SECURITIES AND EXCHANGE COMMISSION

                             WASHINGTON, D.C. 20549

                                 SCHEDULE TO/T-A

            TENDER OFFER STATEMENT UNDER SECTION 14(d)(1) OR 13(e)(1)
                     OF THE SECURITIES EXCHANGE ACT OF 1934

                           WYNDHAM INTERNATIONAL, INC.

                       (NAME OF SUBJECT COMPANY (ISSUER))

                       MERCURY SPECIAL SITUATIONS FUND LP
                                       and
                          EQUITY RESOURCE DOVER FUND LP

                       (NAME OF FILING PERSONS (OFFERORS))

      9.75% SERIES A CONVERTIBLE PREFERRED STOCK, PAR VALUE $100 PER SHARE

                         (TITLE OF CLASS OF SECURITIES)

                                    983101502

                      (CUSIP NUMBER OF CLASS OF SECURITIES)

                             David R. Jarvis-Manager
                          Malcolm F. MacLean IV-Manager
                       Mercury Special Situations Fund LP
                              100 Field Point Road
                               Greenwich, CT 06830
                                 (203) 769-2980

                       Eggert Dagbjartsson-General Partner
                          Equity Resource Dover Fund LP
                                44 Brattle Street
                               Cambridge, MA 02138
                                 (617) 876-4800

                     (Name, address and telephone number of
    person authorized to receive notices and communications on behalf of the
                                 filing person)

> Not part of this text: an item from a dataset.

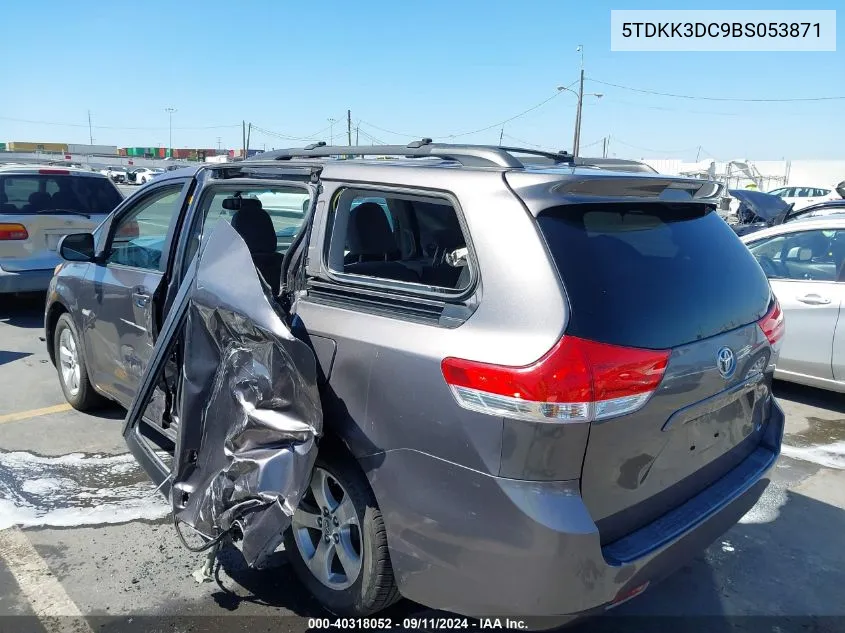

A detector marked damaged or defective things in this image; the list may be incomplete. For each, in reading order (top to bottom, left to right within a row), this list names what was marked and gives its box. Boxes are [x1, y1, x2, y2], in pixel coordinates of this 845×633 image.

crushed side door [123, 220, 322, 564]
second damaged vehicle [44, 142, 784, 616]
damaged gray minivan [57, 142, 784, 616]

                            CALCULATION OF FILING FEE

                TRANSACTION VALUATION*       AMOUNT OF FILING FEE**
                ----------------------       ----------------------
                     $ 2,520,000                    $ 296.61

* Estimated for purposes of calculating the filing fee only. This calculation
assumes the purchase of approximately 84,000 shares of 9.75% Series A
Convertible Preferred Stock of Wyndham International, Inc. at the tender offer
price of $30.00 per share of 9.75% Series A Convertible Preferred Stock.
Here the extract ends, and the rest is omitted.